SUPPLIED ENTRIES:
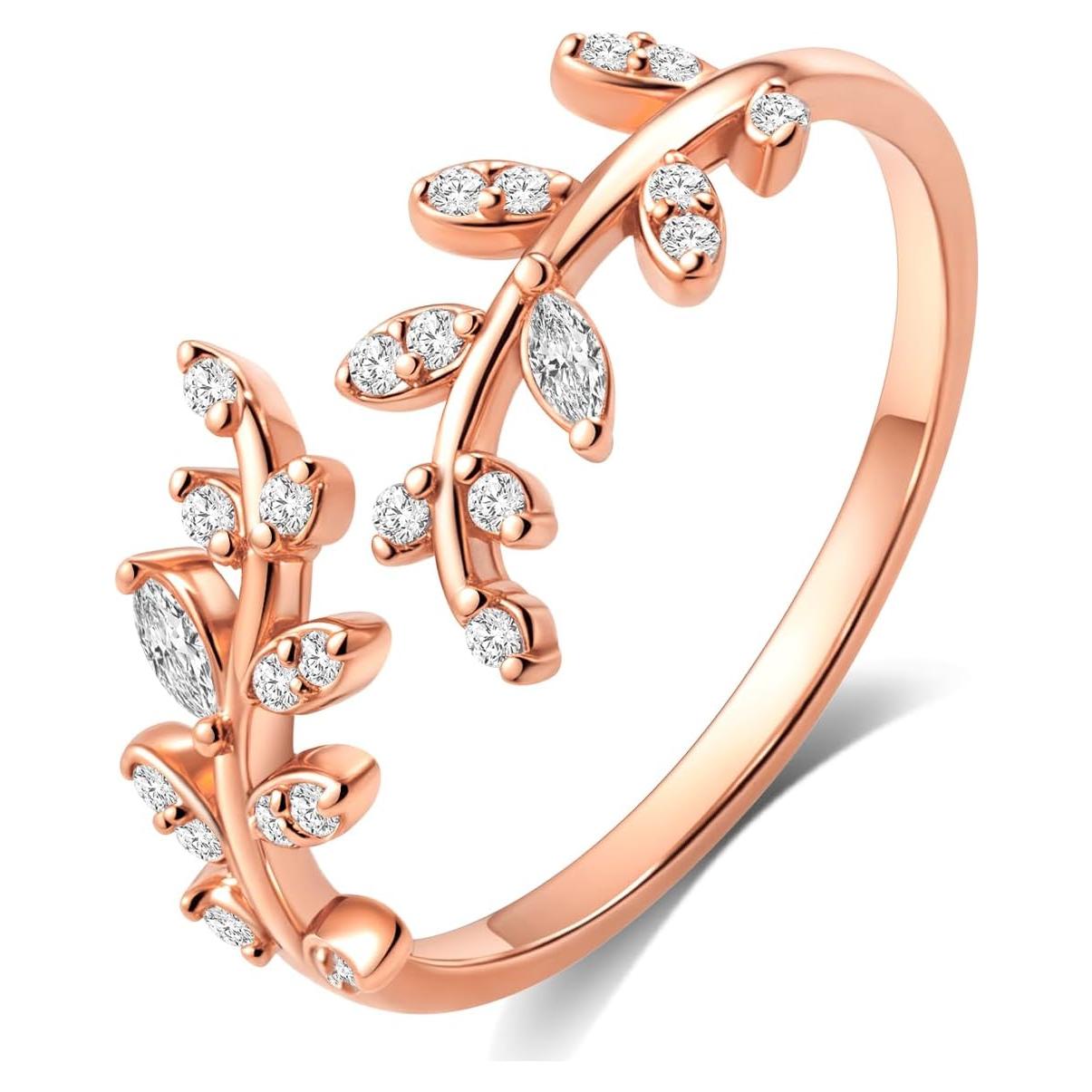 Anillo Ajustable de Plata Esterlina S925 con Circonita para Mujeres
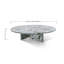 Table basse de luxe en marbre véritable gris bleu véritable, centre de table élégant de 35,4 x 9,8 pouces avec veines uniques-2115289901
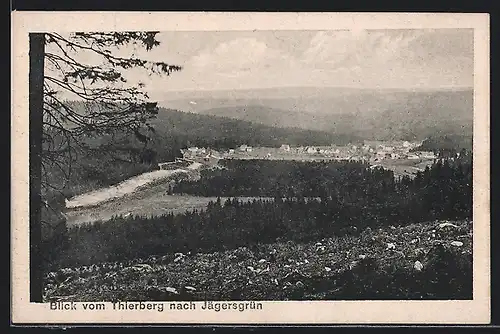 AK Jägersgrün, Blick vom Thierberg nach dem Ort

==

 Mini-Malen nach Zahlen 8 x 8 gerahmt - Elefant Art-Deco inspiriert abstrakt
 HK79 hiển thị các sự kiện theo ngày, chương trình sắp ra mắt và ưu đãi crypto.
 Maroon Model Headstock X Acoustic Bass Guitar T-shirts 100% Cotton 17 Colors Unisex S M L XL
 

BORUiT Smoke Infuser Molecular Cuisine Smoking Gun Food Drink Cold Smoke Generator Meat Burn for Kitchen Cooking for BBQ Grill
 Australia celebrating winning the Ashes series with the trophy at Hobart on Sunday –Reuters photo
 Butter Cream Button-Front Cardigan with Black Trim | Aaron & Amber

* * *

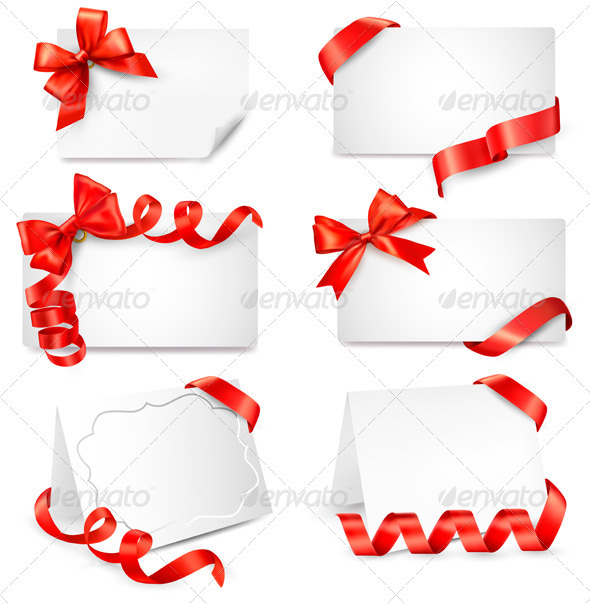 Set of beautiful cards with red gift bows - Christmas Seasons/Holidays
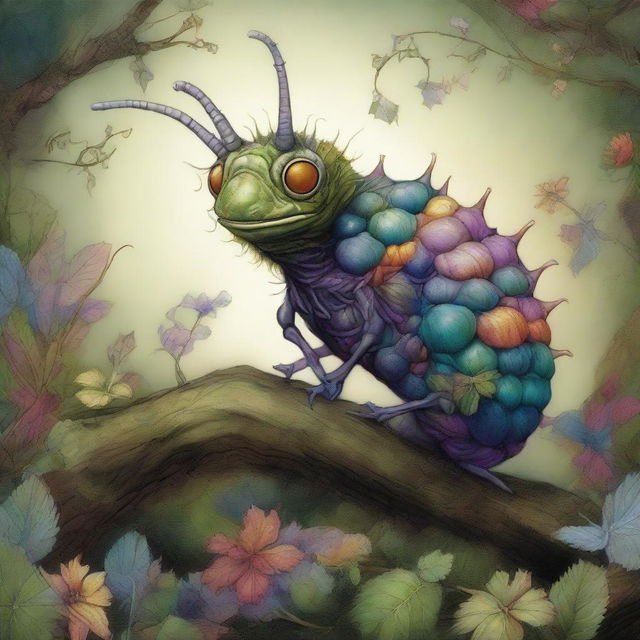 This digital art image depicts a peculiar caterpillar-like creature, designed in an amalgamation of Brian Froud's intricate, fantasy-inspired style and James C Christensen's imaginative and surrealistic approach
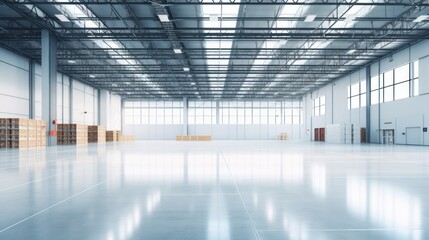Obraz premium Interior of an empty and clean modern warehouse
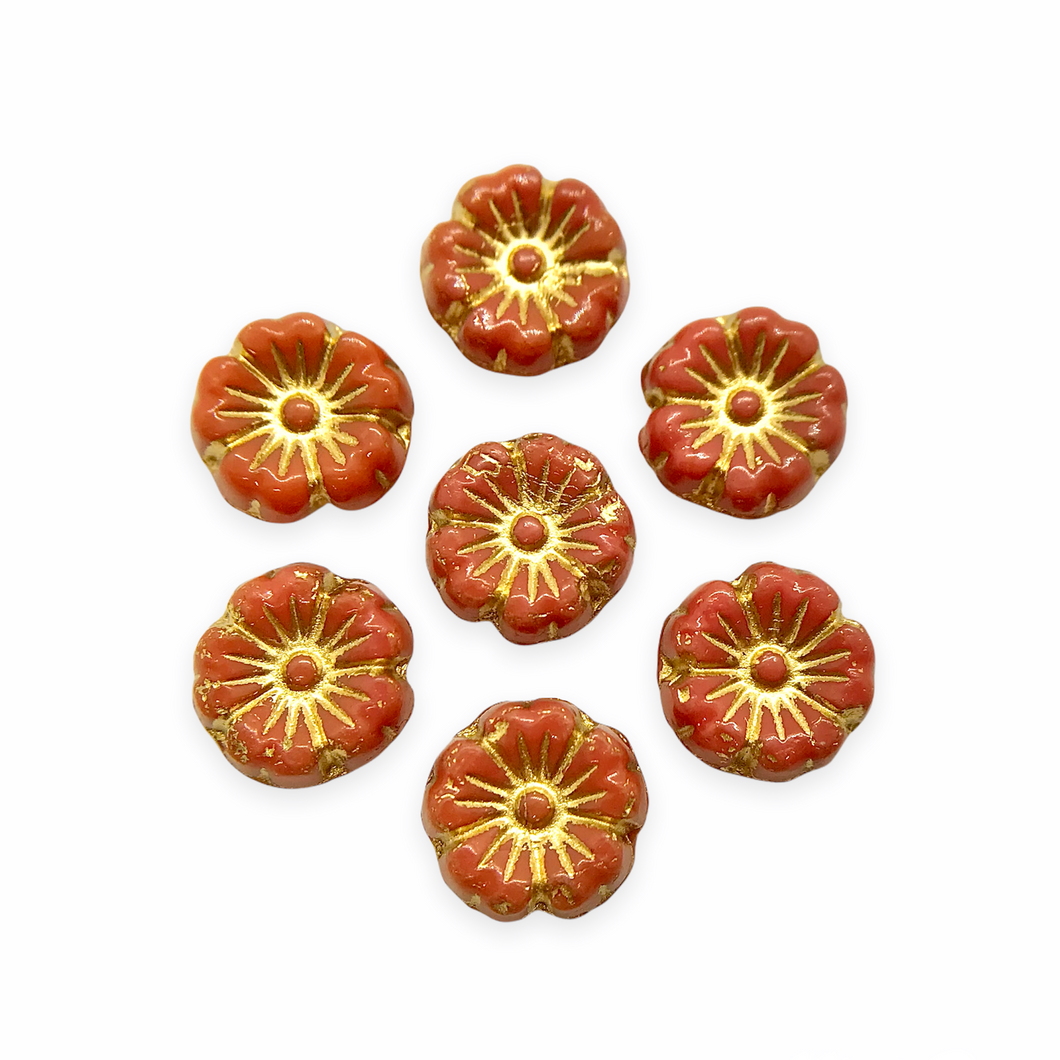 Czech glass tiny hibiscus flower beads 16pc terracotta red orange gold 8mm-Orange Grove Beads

PROBLEM REQUIREMENTS:
All that should appear in the answer is the lines above from the line with "Anillo Ajustable de" through the line with "AK Jägersgrün, Blick", retyped exactly, pictures left out.

RESULT OF THIS TASK:
 Anillo Ajustable de Plata Esterlina S925 con Circonita para Mujeres
 Table basse de luxe en marbre véritable gris bleu véritable, centre de table élégant de 35,4 x 9,8 pouces avec veines uniques-2115289901
 AK Jägersgrün, Blick vom Thierberg nach dem Ort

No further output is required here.